Parti unifié, Rhdp/ Voici la vision secrète de Ouattara
Les raisons de la désignation d’un chef de l’opposition
Loin des échauffourées verbales entre son parti, le Rdr et le Pdci, le président de la République, Alassane Ouattara a sa vision du parti unifié. Et il compte bien la mettre en œuvre, contre vents et marées.
Pour lui, le parti unifié signifie simplement la disparition des partis membres de l’alliance des houphouétistes que sont le Rdr, le Pdci, l’Udpci et le Mfa. Certes, l’idée a du mal à prospérer au Pdci ainsi qu’au Rdr, dont des cadres la combattent avec hargne. Mais Alassane Ouattara veut réussir ”cette mission”.

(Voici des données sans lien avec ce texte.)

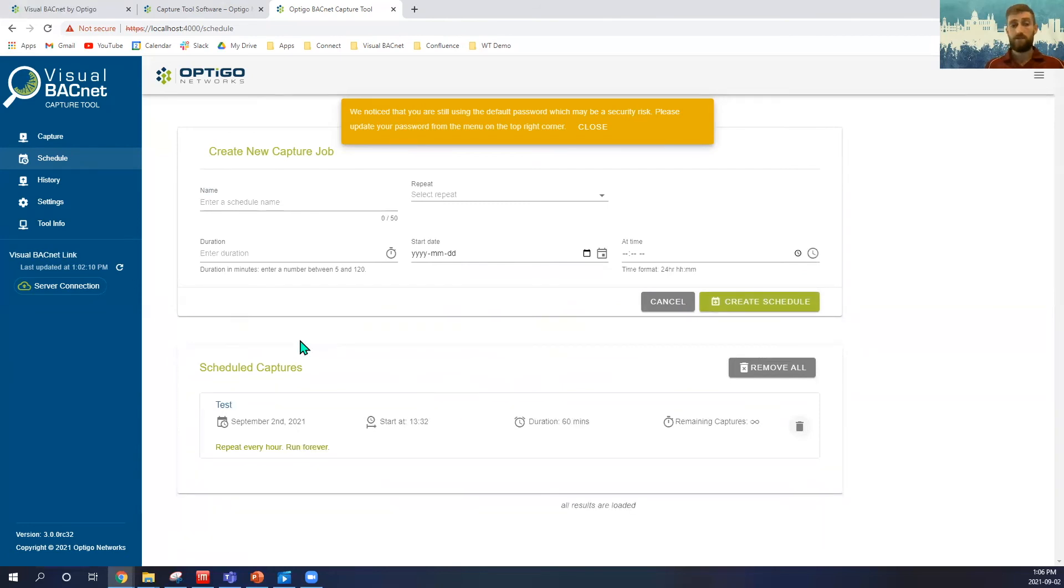After that, all we have to do is we can contact support if we have any help, and we should be good to get our capturing as well.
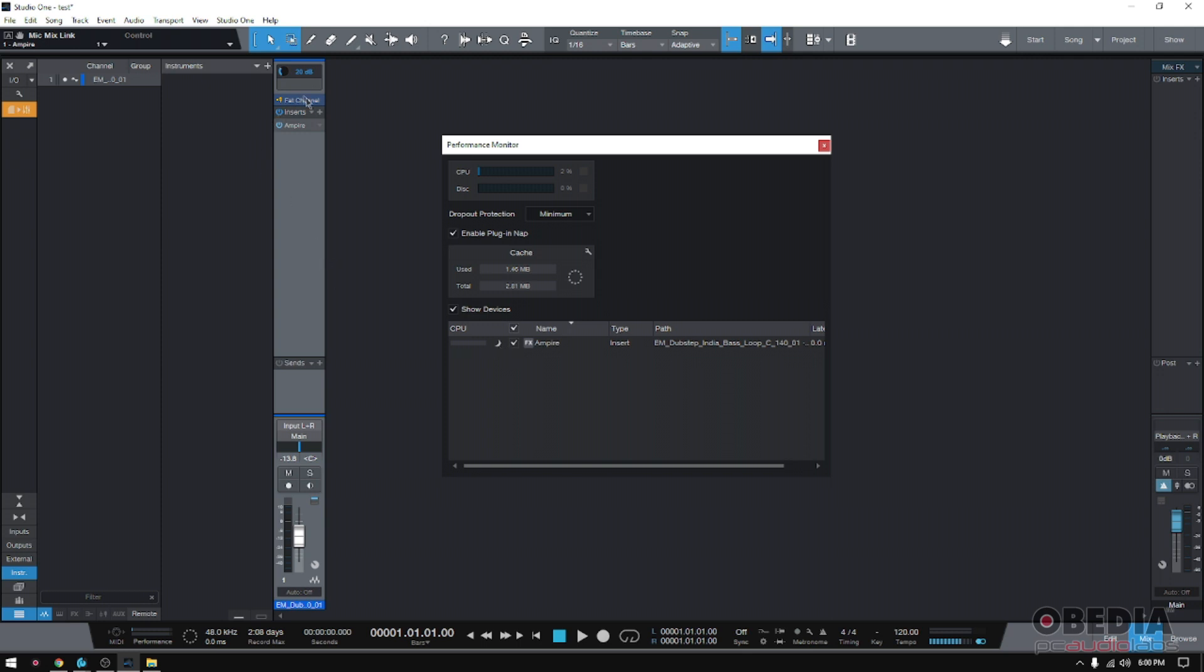Why is it in nap? Because it's not being used. Even though it's being used for the track, there's really no audio passing through it, so it shouldn't be consuming CPU resources.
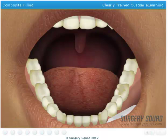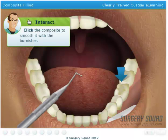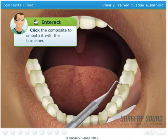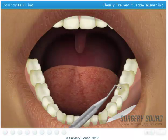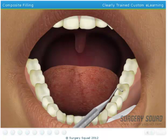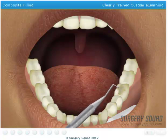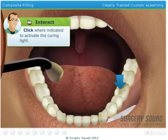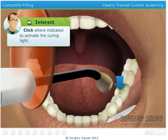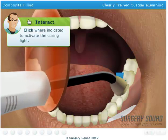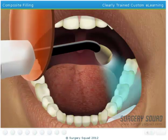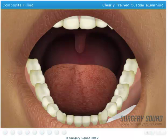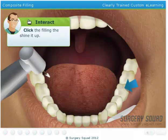Pack the composite into the prepared area of the tooth using a condenser. Next, smooth the filling using an instrument called a burnisher. Finish the filling using the polishing instrument.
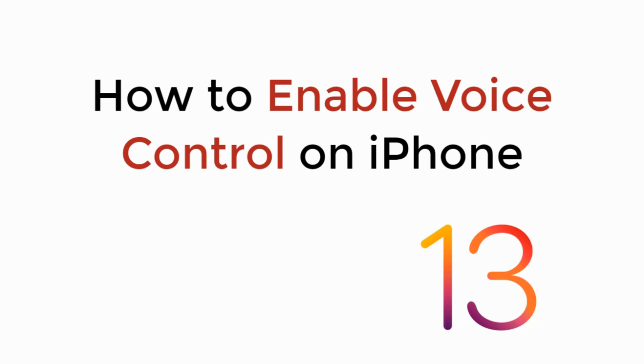In this video we will learn how to enable voice control on iPhone on iOS 13. So let's begin.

Le premier signal qui a montré sa détermination a été la dissolution du premier gouvernement du Premier ministre Jeannot Ahoussou-Kouadio, le mercredi 14 novembre 2012. Suite au blocage, par des députés du Pdci, d’un projet de loi du gouvernement, le mardi 13 novembre 2014, le président de la République a dissous le gouvernement. Cela a permis de tempérer les ardeurs de ses alliés et de leur faire comprendre qu’il ne badine pas avec la question de l’alliance.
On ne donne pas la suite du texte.